=== Data supplied ===

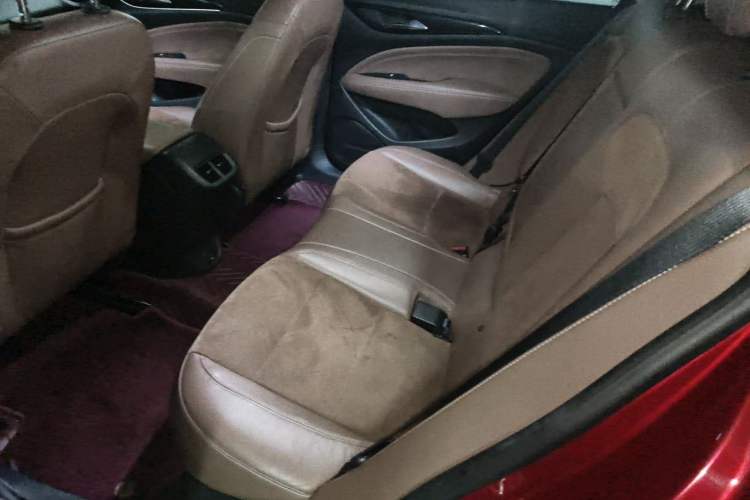 Used Buick Regal 2017 20T Elite Edition Interior 4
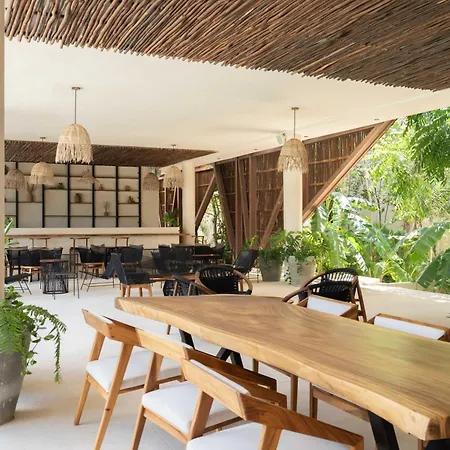 Tulum Penthouse Oasis: Rooftop Pool & Luxury Stay Exterior photo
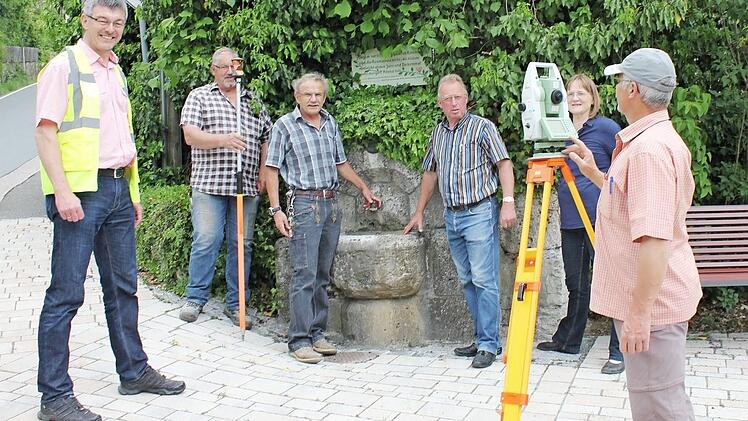 Vermessungsarbeiten am Liselottenbrunnen Foto: Paul Pöhlmann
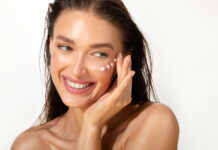 Η κρέμα ματιών που ανανεώνει την εμφάνιση από την πρώτη νύχτα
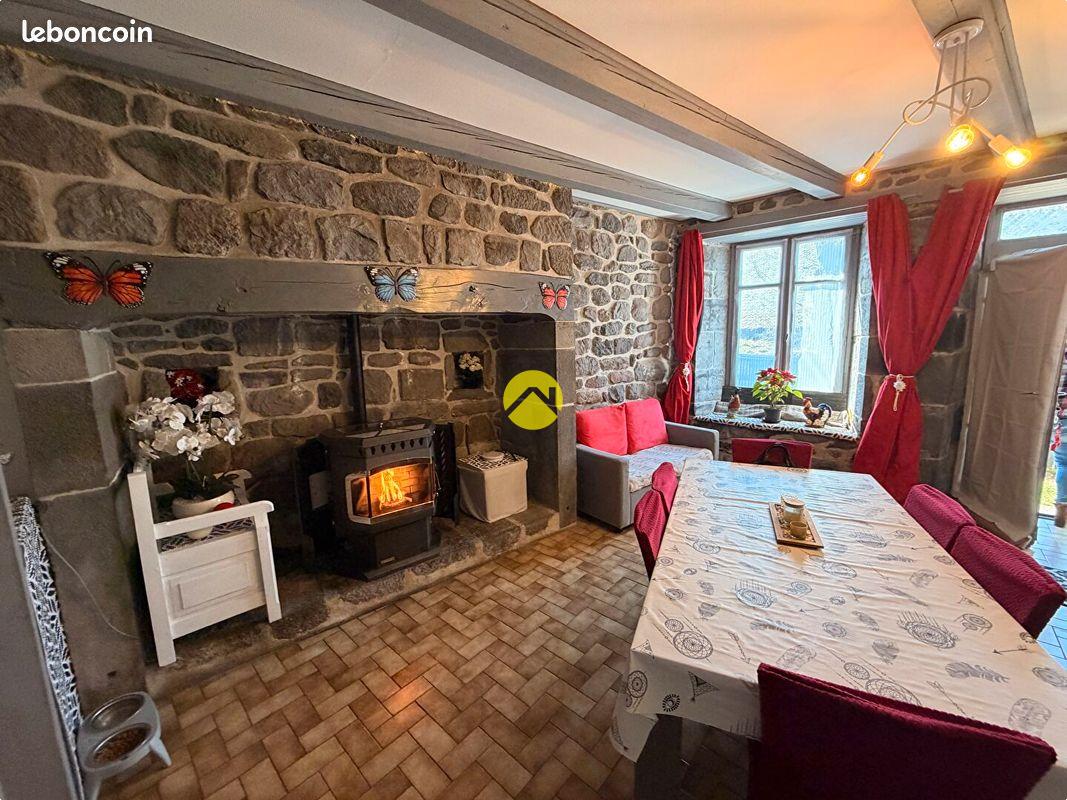 Maison 9 pièces 168 m² à Pierrefort, photo 3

===

Apart from the pictures, every line above must be printed exactly.

 Used Buick Regal 2017 20T Elite Edition Interior 4
 Tulum Penthouse Oasis: Rooftop Pool & Luxury Stay Exterior photo
 Vermessungsarbeiten am Liselottenbrunnen Foto: Paul Pöhlmann
 Η κρέμα ματιών που ανανεώνει την εμφάνιση από την πρώτη νύχτα
 Maison 9 pièces 168 m² à Pierrefort, photo 3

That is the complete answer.